>>

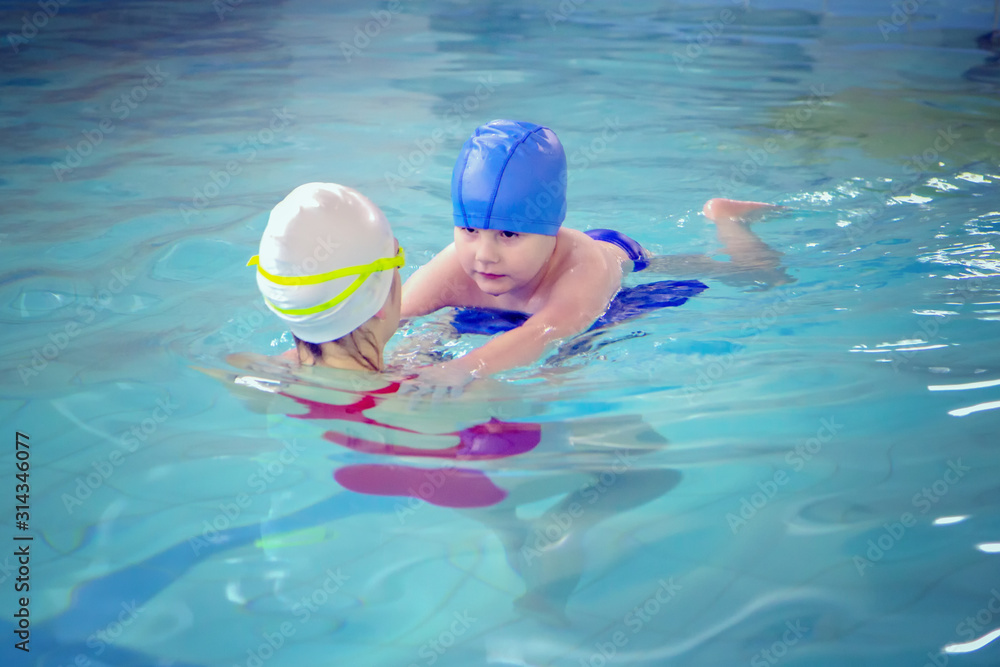 Little boy using the kickboard for learning to swim with trainer in the swimming pool
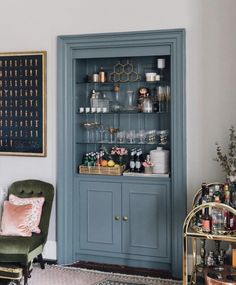 a blue china cabinet in the corner of a room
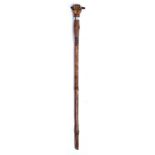 A FOLK ART WALKING STICK with fist handle and interesting carved decoration depicting animals,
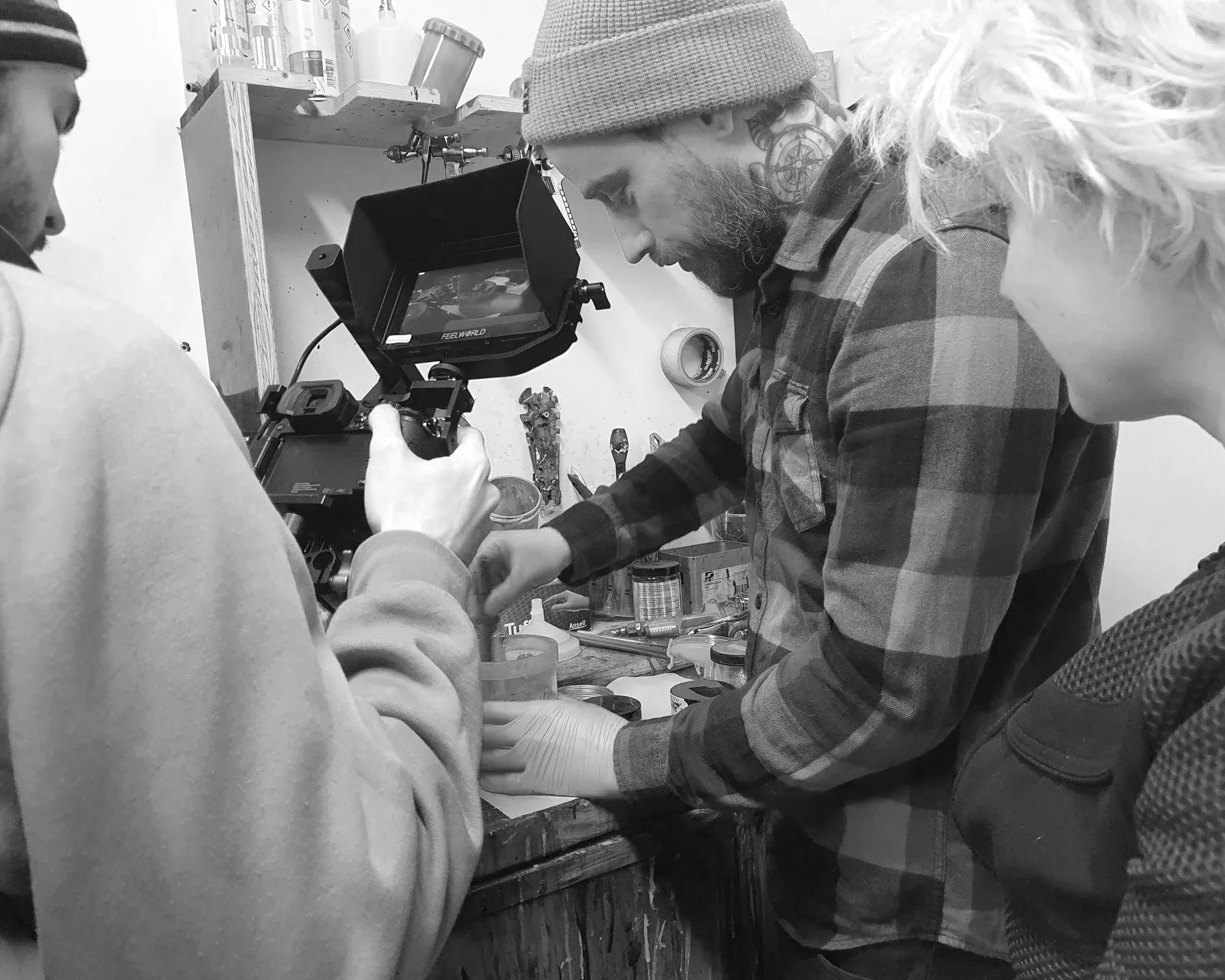 Three people working together in a workshop, with one person holding a camera to film the other two who are handling tools and small objects on a workbench.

<<

Your copy should hold exactly the lines from the one that contains "A FOLK ART WALKING" through the final line of the data, both ends included, and no pictures.

> [ANSWER TO THE EXERCISE]
 A FOLK ART WALKING STICK with fist handle and interesting carved decoration depicting animals,
 Three people working together in a workshop, with one person holding a camera to film the other two who are handling tools and small objects on a workbench.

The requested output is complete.